Деревья  париджата? Зимуют, но только на райских планетах.

Если серьезно, сажайте бархатцы, космею, астры, лилии и лилейники. Розы для Божеств- это здорово, но за ними -такой уход... 
   В помещении можно выращивать бегонию всегдацветущую- она на самом деле цветет круглый год, для Божеств можно срывать свежие цветы, даже зимой, когда никаких цветов (кроме покупных) нет. 
Летом много чего можно выращивать-и многолетние, и красивые однолетние цветы. Зимой- уже сложнее. Я вот хотела вырастить цикламен из семян, и ампельную бегонию, из четырех пакетиков не взошло ни одно семечко. Зато хризантема взошла, надеюсь, к зиме уже будут  цветы для Гоура-Нитай.
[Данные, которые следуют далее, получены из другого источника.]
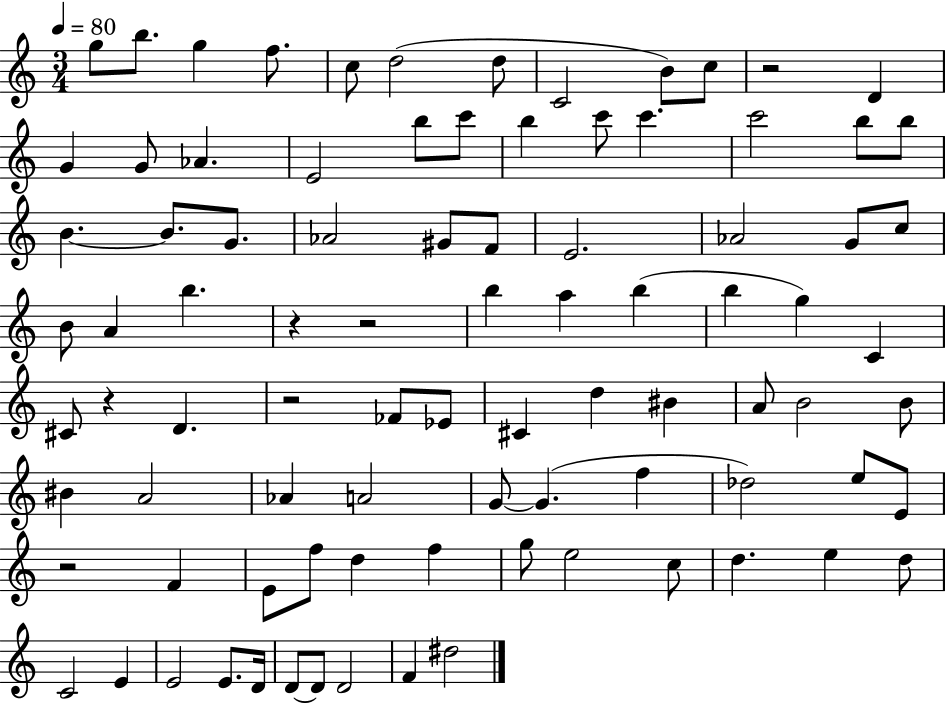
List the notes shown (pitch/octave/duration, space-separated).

G5/e B5/e. G5/q F5/e. C5/e D5/h D5/e C4/h B4/e C5/e R/h D4/q G4/q G4/e Ab4/q. E4/h B5/e C6/e B5/q C6/e C6/q. C6/h B5/e B5/e B4/q. B4/e. G4/e. Ab4/h G#4/e F4/e E4/h. Ab4/h G4/e C5/e B4/e A4/q B5/q. R/q R/h B5/q A5/q B5/q B5/q G5/q C4/q C#4/e R/q D4/q. R/h FES4/e Eb4/e C#4/q D5/q BIS4/q A4/e B4/h B4/e BIS4/q A4/h Ab4/q A4/h G4/e G4/q. F5/q Db5/h E5/e E4/e R/h F4/q E4/e F5/e D5/q F5/q G5/e E5/h C5/e D5/q. E5/q D5/e C4/h E4/q E4/h E4/e. D4/s D4/e D4/e D4/h F4/q D#5/h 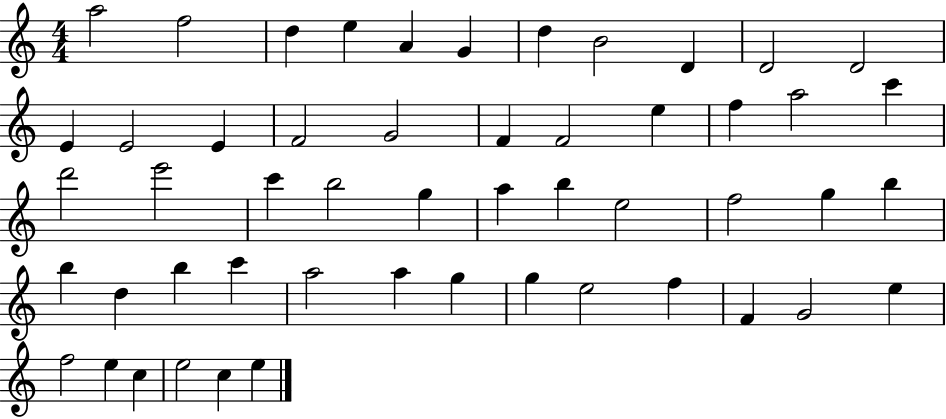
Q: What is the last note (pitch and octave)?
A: E5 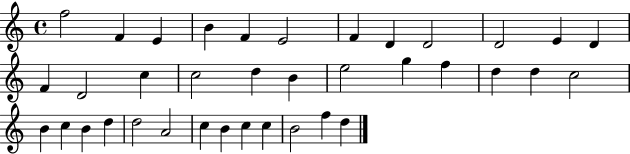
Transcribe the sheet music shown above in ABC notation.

X:1
T:Untitled
M:4/4
L:1/4
K:C
f2 F E B F E2 F D D2 D2 E D F D2 c c2 d B e2 g f d d c2 B c B d d2 A2 c B c c B2 f d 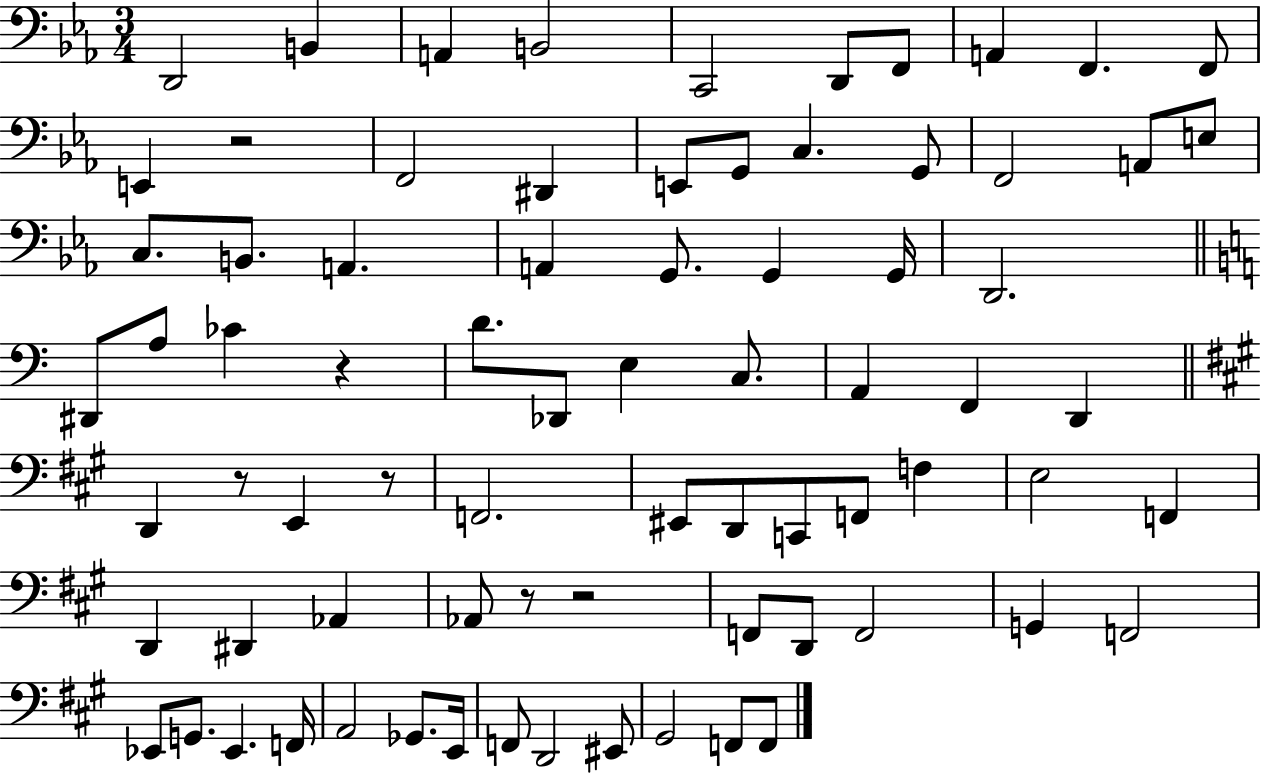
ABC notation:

X:1
T:Untitled
M:3/4
L:1/4
K:Eb
D,,2 B,, A,, B,,2 C,,2 D,,/2 F,,/2 A,, F,, F,,/2 E,, z2 F,,2 ^D,, E,,/2 G,,/2 C, G,,/2 F,,2 A,,/2 E,/2 C,/2 B,,/2 A,, A,, G,,/2 G,, G,,/4 D,,2 ^D,,/2 A,/2 _C z D/2 _D,,/2 E, C,/2 A,, F,, D,, D,, z/2 E,, z/2 F,,2 ^E,,/2 D,,/2 C,,/2 F,,/2 F, E,2 F,, D,, ^D,, _A,, _A,,/2 z/2 z2 F,,/2 D,,/2 F,,2 G,, F,,2 _E,,/2 G,,/2 _E,, F,,/4 A,,2 _G,,/2 E,,/4 F,,/2 D,,2 ^E,,/2 ^G,,2 F,,/2 F,,/2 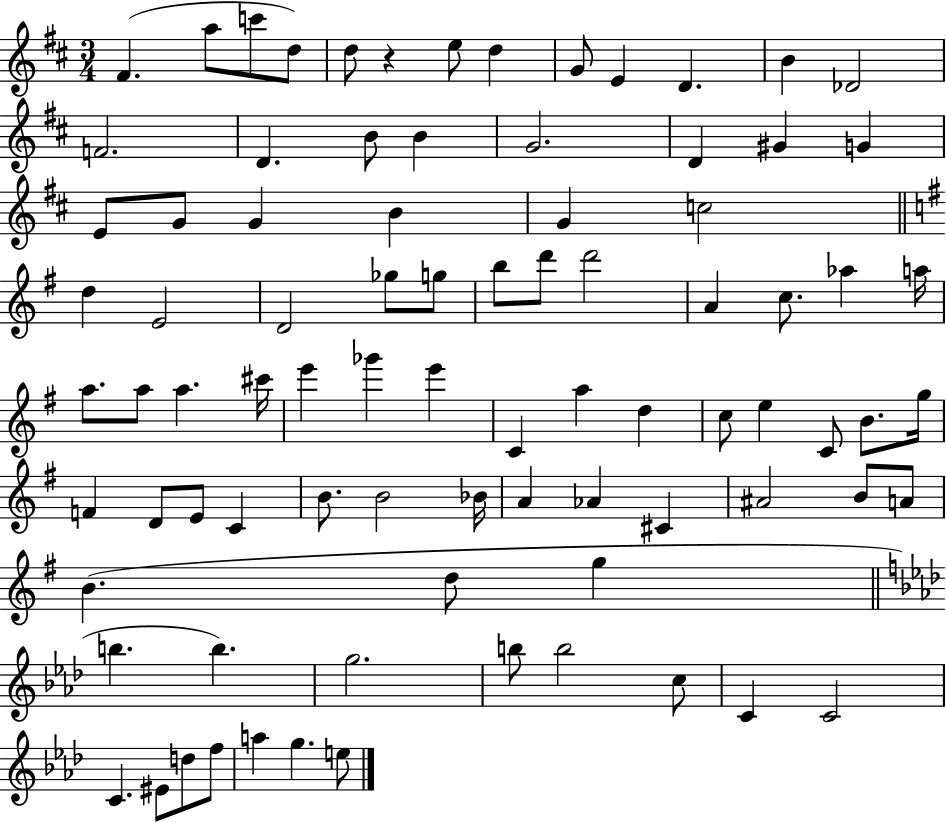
F#4/q. A5/e C6/e D5/e D5/e R/q E5/e D5/q G4/e E4/q D4/q. B4/q Db4/h F4/h. D4/q. B4/e B4/q G4/h. D4/q G#4/q G4/q E4/e G4/e G4/q B4/q G4/q C5/h D5/q E4/h D4/h Gb5/e G5/e B5/e D6/e D6/h A4/q C5/e. Ab5/q A5/s A5/e. A5/e A5/q. C#6/s E6/q Gb6/q E6/q C4/q A5/q D5/q C5/e E5/q C4/e B4/e. G5/s F4/q D4/e E4/e C4/q B4/e. B4/h Bb4/s A4/q Ab4/q C#4/q A#4/h B4/e A4/e B4/q. D5/e G5/q B5/q. B5/q. G5/h. B5/e B5/h C5/e C4/q C4/h C4/q. EIS4/e D5/e F5/e A5/q G5/q. E5/e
Если вам удастся вырастить лотос, пришлите фотографию.

----------


## Толя

Удивительно. Зашел в магазин, купил семена наугад. Астру, бегонию и олеандр, еще какие-то, но они просто для красоты, гирлянды с них не получатся. Лотос, есть желание вырастить, просто негде, если цветки можно получить маленькими(?), займемся сразу.  Кстати, бегония взошла, через две недели. Я уже думал ничего не взойдет, ни олеандр, ни бегония, астра взошла раньше всех. Т.к. я впервые этим занимаюсь, просто поливал пустые стаканы. Взошло каждое семечко.
Бегонию, хотел высадить в открытый грунт, теперь будет жить в помещении, спасибо.
Посмотрел изображения с цветами винограда, думаю вырастить, есть специальные сорта. Получить урожай, не просто, но цветы, надеюсь, получим. Где то в Алтае, есть виноградник, там же выводят, эти морозостойкие сорта винограда.

----------


## Ananga Manjari d.d.

> А деревья париджата


вот цветы париджата..дерево здоровучее такое..начинает цвести париджата примерно в Картику,и продолжается это чуdо около 2х месяцев...по ночам...цветки распускаются на 1 ночь и опадают.утром под деревом усыпано просто цветами..
аромат похож на одуванчик,но без горечи,более медовый и с ноткой шафрана..
но это скорее настроение Двараки.. :mig:

----------


## Толя

> вот цветы париджата..дерево здоровучее такое..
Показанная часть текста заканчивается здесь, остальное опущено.